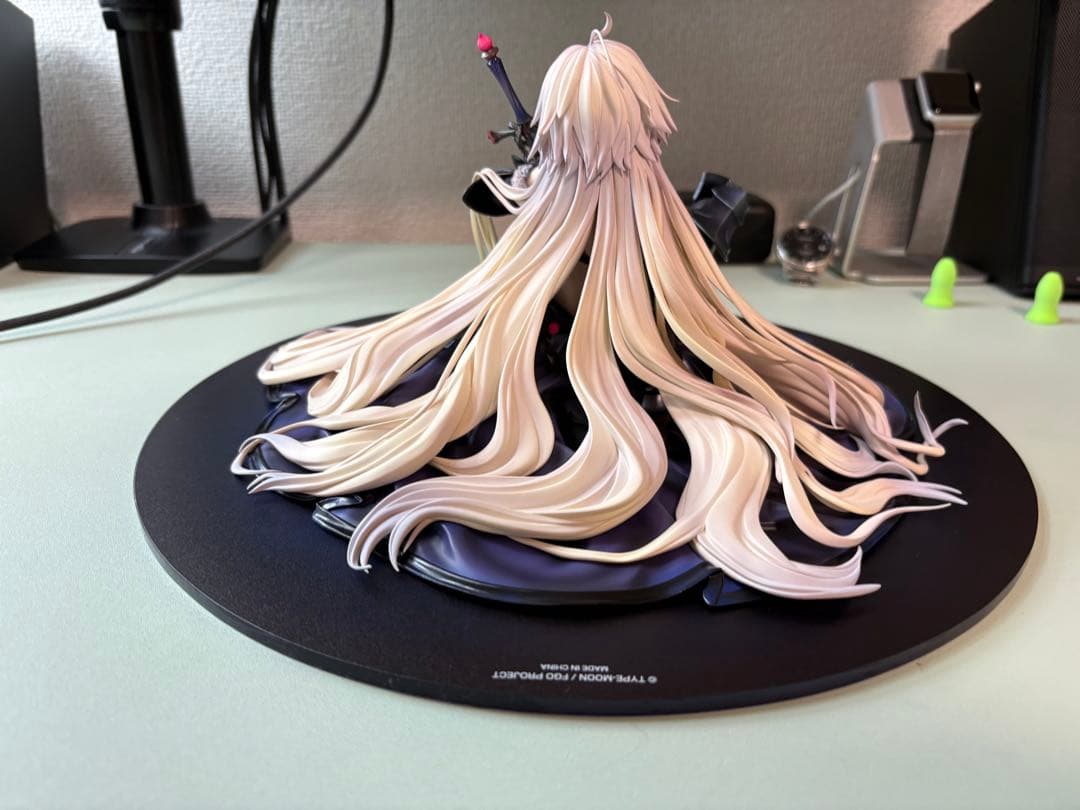 アルター アヴェンジャー／ジャンヌ・ダルク〔オルタ〕うたかたの夢Ver.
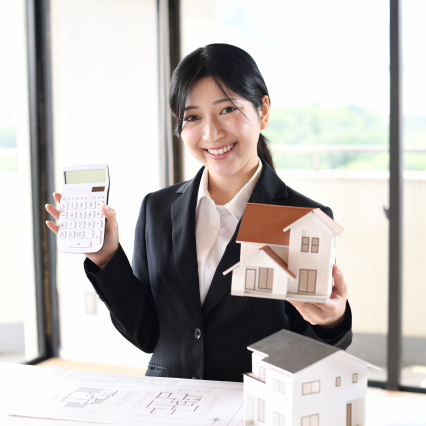 不動産会社が家を購入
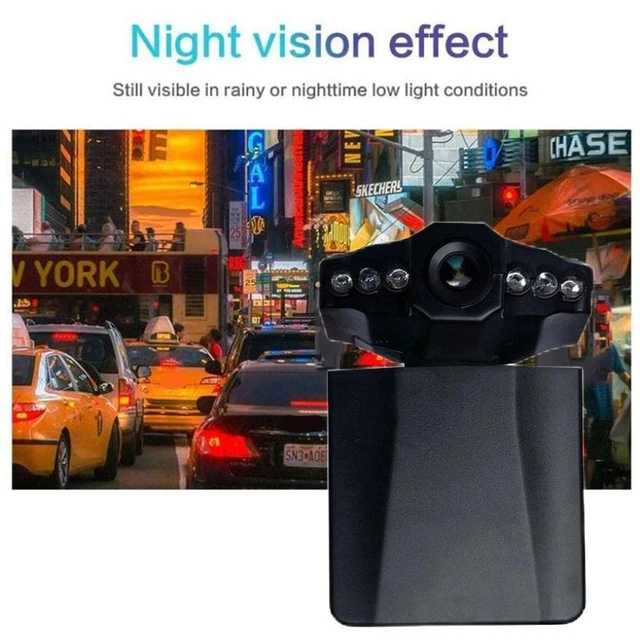1080P HD PRO WiFi Dash Cam Camera Car Recorder DVR 16G Vision Night X6R0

_Your instructions_:
The whole listing should be reproduced exactly. Images don't go in.

_Exercise response_:
 アルター アヴェンジャー／ジャンヌ・ダルク〔オルタ〕うたかたの夢Ver.
 不動産会社が家を購入
1080P HD PRO WiFi Dash Cam Camera Car Recorder DVR 16G Vision Night X6R0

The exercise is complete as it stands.